## Instructions for the task
Start with the line that holds "Weinflaschenständer". Please copy it and each remaining line below exactly, leaving pictures out.

(Crawled caption data)
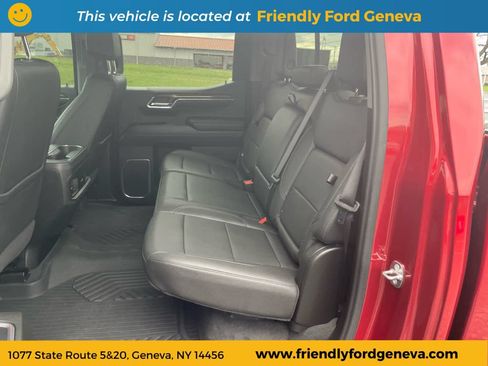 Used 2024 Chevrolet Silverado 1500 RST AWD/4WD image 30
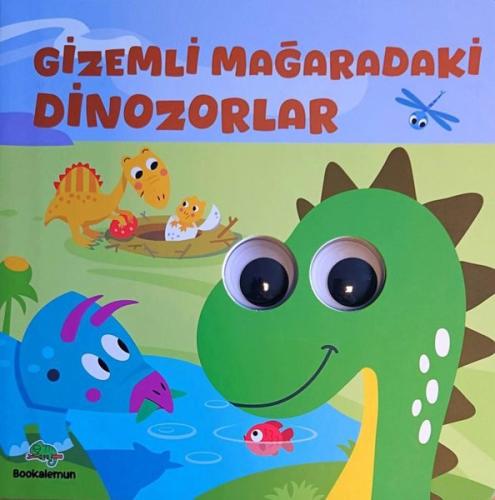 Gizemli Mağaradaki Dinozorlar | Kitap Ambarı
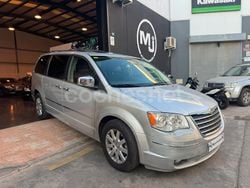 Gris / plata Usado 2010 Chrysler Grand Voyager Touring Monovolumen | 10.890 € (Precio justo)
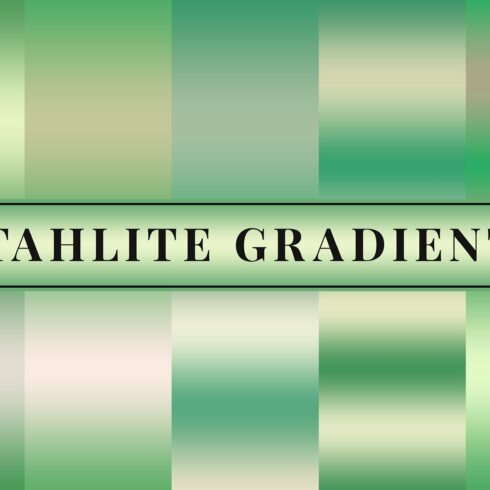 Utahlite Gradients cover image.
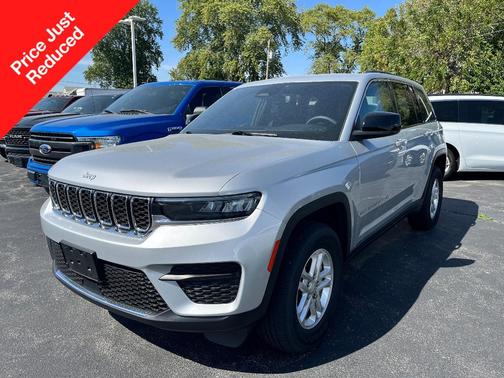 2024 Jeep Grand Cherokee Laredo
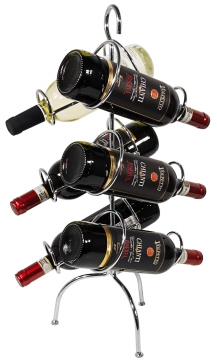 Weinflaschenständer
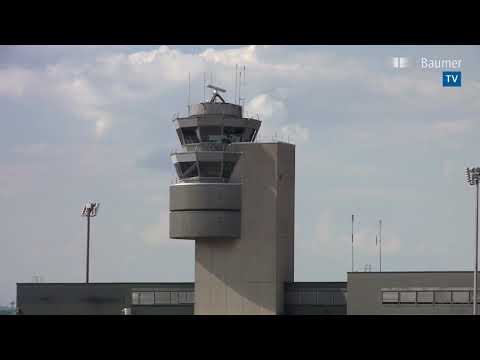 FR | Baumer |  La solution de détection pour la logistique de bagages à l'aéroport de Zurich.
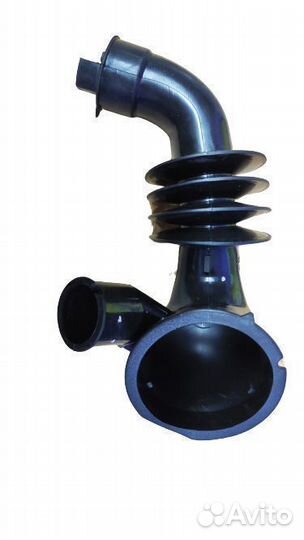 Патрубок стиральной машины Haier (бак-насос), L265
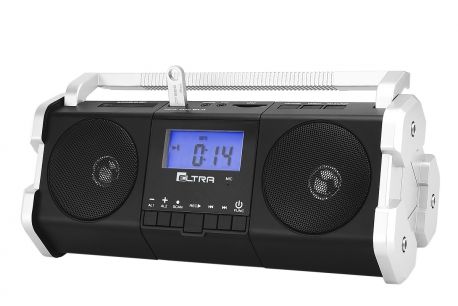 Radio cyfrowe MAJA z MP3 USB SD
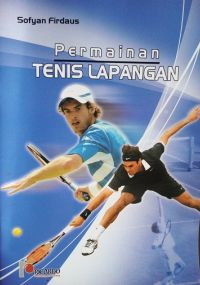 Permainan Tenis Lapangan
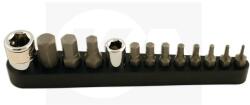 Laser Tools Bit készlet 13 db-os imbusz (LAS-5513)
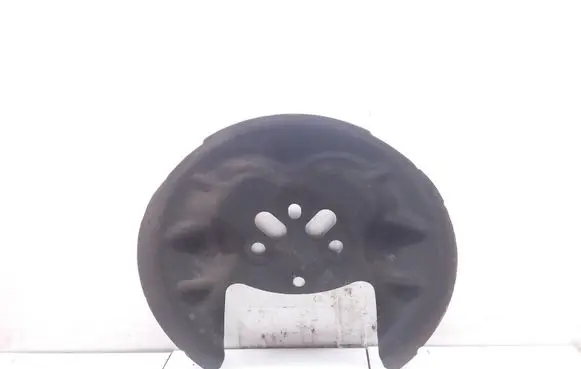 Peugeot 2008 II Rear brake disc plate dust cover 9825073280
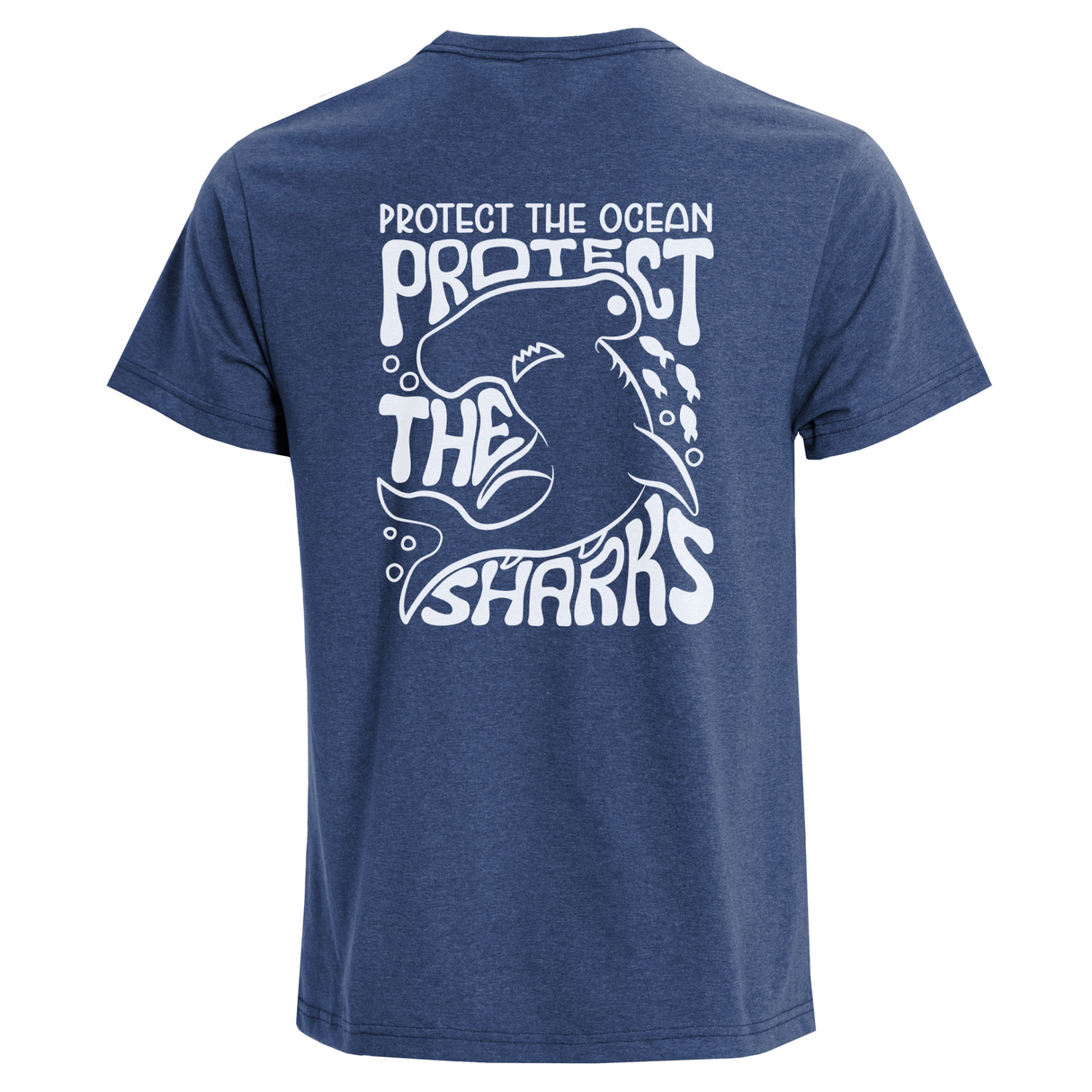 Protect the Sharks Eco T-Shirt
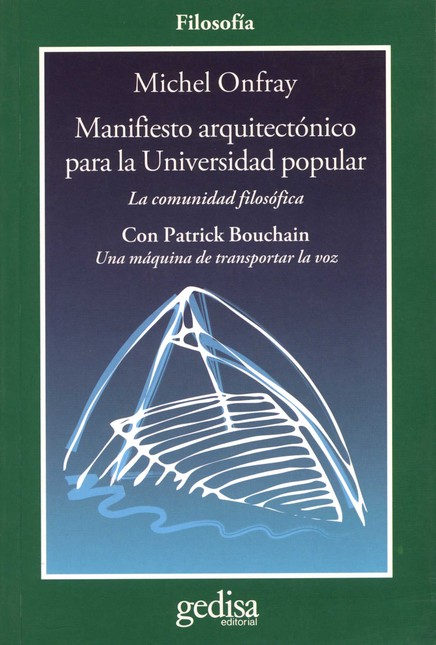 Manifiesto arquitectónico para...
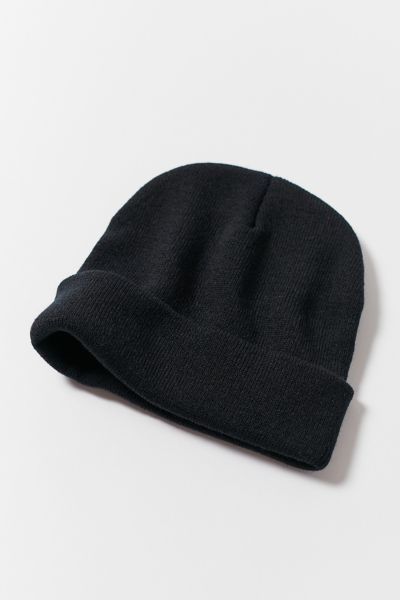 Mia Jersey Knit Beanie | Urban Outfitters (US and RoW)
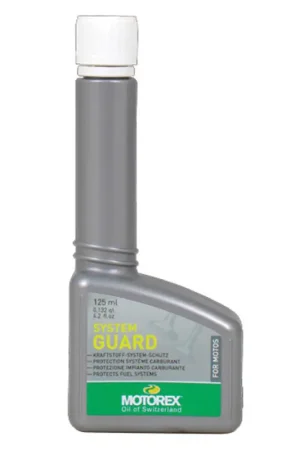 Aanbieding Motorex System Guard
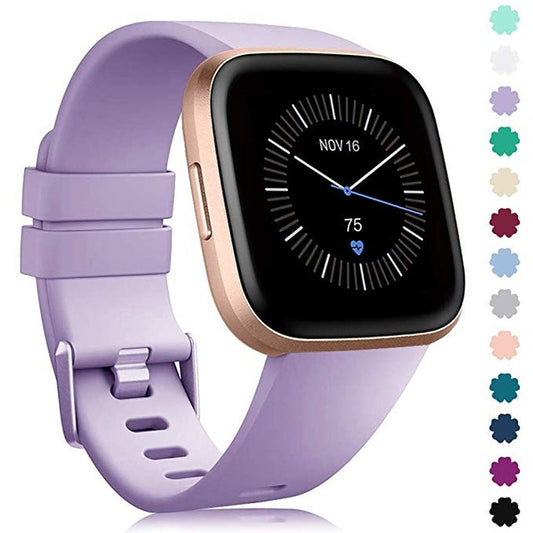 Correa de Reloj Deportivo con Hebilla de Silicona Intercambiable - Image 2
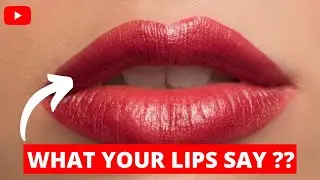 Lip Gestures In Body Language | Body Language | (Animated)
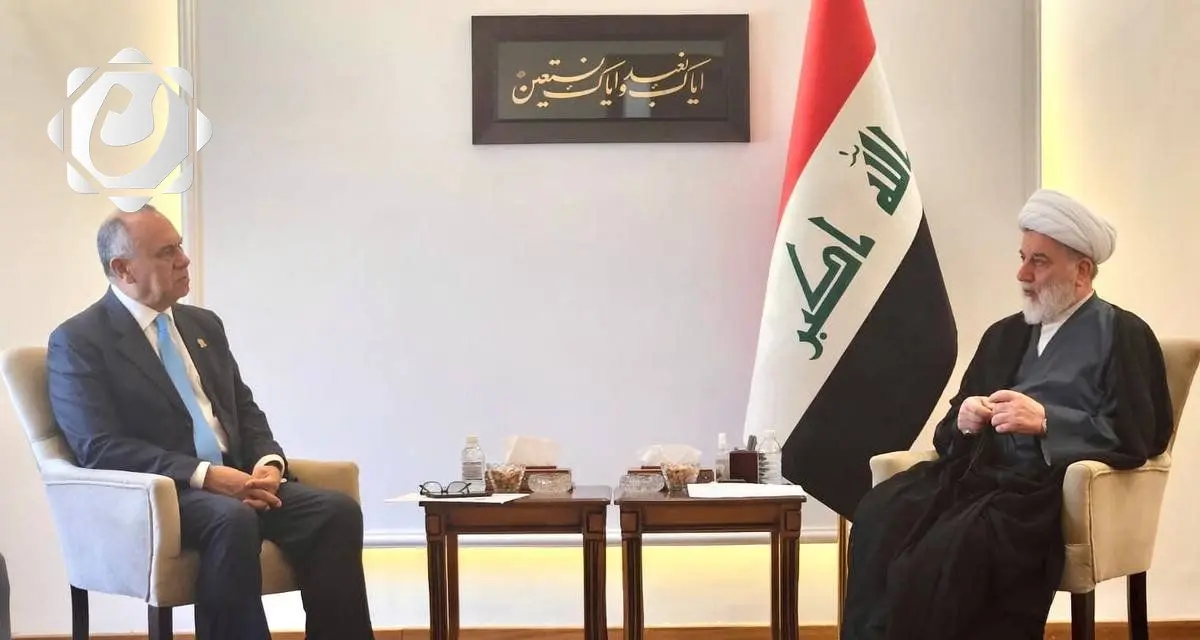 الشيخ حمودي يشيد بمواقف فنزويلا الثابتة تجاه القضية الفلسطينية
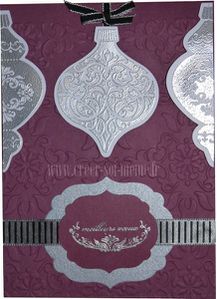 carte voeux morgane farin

## Exercise response
 Weinflaschenständer
 FR | Baumer |  La solution de détection pour la logistique de bagages à l'aéroport de Zurich.
 Патрубок стиральной машины Haier (бак-насос), L265
 Radio cyfrowe MAJA z MP3 USB SD
 Permainan Tenis Lapangan
 Laser Tools Bit készlet 13 db-os imbusz (LAS-5513)
 Peugeot 2008 II Rear brake disc plate dust cover 9825073280
 Protect the Sharks Eco T-Shirt
 Manifiesto arquitectónico para...
 Mia Jersey Knit Beanie | Urban Outfitters (US and RoW)
 Aanbieding Motorex System Guard
 Correa de Reloj Deportivo con Hebilla de Silicona Intercambiable - Image 2
 Lip Gestures In Body Language | Body Language | (Animated)
 الشيخ حمودي يشيد بمواقف فنزويلا الثابتة تجاه القضية الفلسطينية
 carte voeux morgane farin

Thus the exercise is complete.